Regarding non-optimizing agents,


TL;DR: These videos from Robert Miles changed my mind about this, personally

(I think we talked about that but I'm not sure?)


A bit longer:


Robert (+ @edoarad ) convinced my that an agent that isn't optimizing anything isn't a coherent concept. Specifically, an agent that has a few things true about it, like "it won't trade things in a circle so that it will end up losing something and gaining nothing" will have a goal that can be described with a utility function.

If you agree with this, then I think it's less relevant to say that the agent "isn't maximizing anything" and more coherent to talk about "what is the utility function being maximized"

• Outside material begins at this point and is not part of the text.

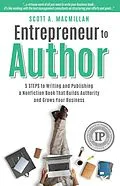 E-Book (epub) Entrepreneur to Author: 5 Steps to Writing and Publishing a Nonfiction Book That Builds Authority and Grows Your Business von Scott A. MacMillan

If I am a paperclip maximizer, but every 100 seconds I pause for 1 second (and so, I am not "maximizing" paperclips), would this count as a non-optimizer, for you?


Also maybe obvious:

"5.  We can't just build a very weak system": Even if you succeed building a non-optimizer, it still needs to be pretty freaking powerful. So using a technique that just makes the AI very weak wouldn't solve the problem as I see it. (though I'm not sure if that's at all what you're aiming at, as I don't know the algorithms you talked about)



And I encourage you to apply for funding if you haven't yet. For example here. Or if you can't get funding, I'd encourage you to try talking to a grantmaker who might have higher quality feedback than me. I'm mostly saying things based on 2 youtube videos and a conversation

Specifically, an agent that has a few things true about it, like "it won't trade things in a circle so that it will end up losing something and gaining nothing" will have a goal that can be described with a utility function.

Something is wrong here, because I fit the description of an "AGI", and yet I do not have a utility function. Within that theorem something is being smuggled in that is not necessary for general intelligence. 

Agree. Something that clarified my thinking on this (still feel pretty confused!) is Katja Grace's counterarguments to basic AI x-risk case. In particular the section on "Different calls to ‘goal-directedness’ don’t necessarily mean the same concept" and discussions about "pseduo-agents" clarified how there are other ways for agents to take actions than purely optimizing a utility functions (which humans don't do).

I mainly want to say I agree, this seems fishy to me too.


An answer I heard from an agent foundation's researcher if I remember correctly (I complained about almost the exact same thing) : Humans do have a utility function, but they're not perfectly approximating it.


I'd add: Specifically, humans have a "feature" of (sometimes) being willing to lose all their money (in expectation) in a casino, and other such things. I don't think this is such a good safety feature (and also, if I had access to my own code, I'd edit that stuff away). But still this seems unsolved to me and maybe worth discussing more. (maybe MIRI people would just solve it in 5 seconds but not me)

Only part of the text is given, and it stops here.